Australopithecus afarensis was a genus of a prehistoric ape (primate) that lived in Africa.


What revolutionizes Australopithecus from the modern non-human apes is the fact that they had the ability to walk upright on two legs. Australopithecus also formed tribes or social groups that contain large numbers depending on survival circumstance, much like modern pygmy chimpanzees (bonobos), common chimpanzees, and gorillas. Just like them, the males formed harem-like groups of females, with the females moving from group to group to propagate their genes. (Another prehistoric ape, Paranthropus boisei, did the same thing.) They also were probably capable of making (and utilizing) crude tools, as shown on the fourth episode of Walking with Beasts, where they used sticks to dig for roots, as modern apes sometimes do.  With a brain about the size of a modern chimpanzee, it was nonetheless a distant ancestor/relative of modern people.

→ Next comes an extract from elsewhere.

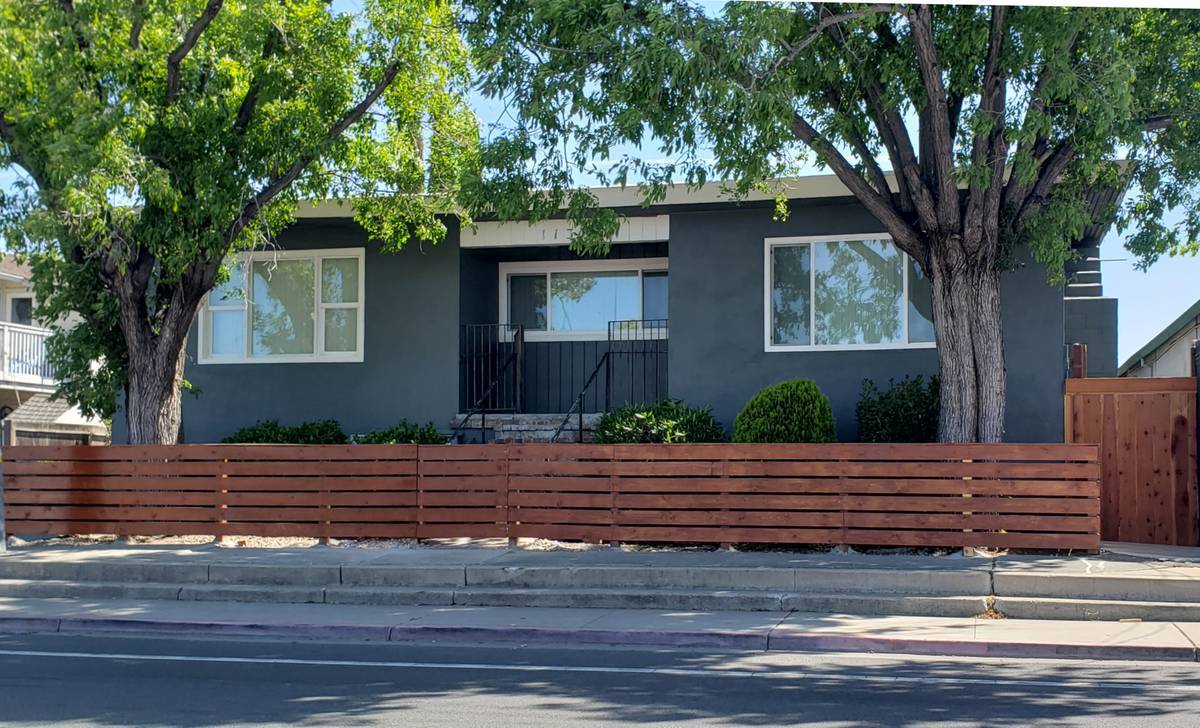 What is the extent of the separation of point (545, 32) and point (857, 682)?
7340 mm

They weren't predators yet, and were hunted by Dinofelis (or modern leopards, lions, etc.), based on fossilized evidence of Australopithecus remains found with the predators' teeth marks on them. Other predators, including modern crocodiles (their modern species had fully evolved by then, like Crocodylus thorbjarnarsoni), probably hunted them too, as shown on the first episode of Walking with Cavemen.